◆ TASK INSTRUCTIONS
Could you please retype all of the data below exactly?
INPUT Block Start
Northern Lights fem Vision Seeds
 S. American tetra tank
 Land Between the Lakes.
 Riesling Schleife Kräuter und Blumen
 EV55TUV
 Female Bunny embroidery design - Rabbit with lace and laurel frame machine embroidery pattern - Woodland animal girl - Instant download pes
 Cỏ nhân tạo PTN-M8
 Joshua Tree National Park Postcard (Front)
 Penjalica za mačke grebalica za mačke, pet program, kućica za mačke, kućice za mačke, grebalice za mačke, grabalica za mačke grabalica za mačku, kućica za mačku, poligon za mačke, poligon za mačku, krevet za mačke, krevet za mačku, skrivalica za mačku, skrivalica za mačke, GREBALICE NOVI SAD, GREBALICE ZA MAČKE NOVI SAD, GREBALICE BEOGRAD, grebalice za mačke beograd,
INPUT Block End
◆ ANSWER FOR THIS EXERCISE
Northern Lights fem Vision Seeds
 S. American tetra tank
 Land Between the Lakes.
 Riesling Schleife Kräuter und Blumen
 EV55TUV
 Female Bunny embroidery design - Rabbit with lace and laurel frame machine embroidery pattern - Woodland animal girl - Instant download pes
 Cỏ nhân tạo PTN-M8
 Joshua Tree National Park Postcard (Front)
 Penjalica za mačke grebalica za mačke, pet program, kućica za mačke, kućice za mačke, grebalice za mačke, grabalica za mačke grabalica za mačku, kućica za mačku, poligon za mačke, poligon za mačku, krevet za mačke, krevet za mačku, skrivalica za mačku, skrivalica za mačke, GREBALICE NOVI SAD, GREBALICE ZA MAČKE NOVI SAD, GREBALICE BEOGRAD, grebalice za mačke beograd,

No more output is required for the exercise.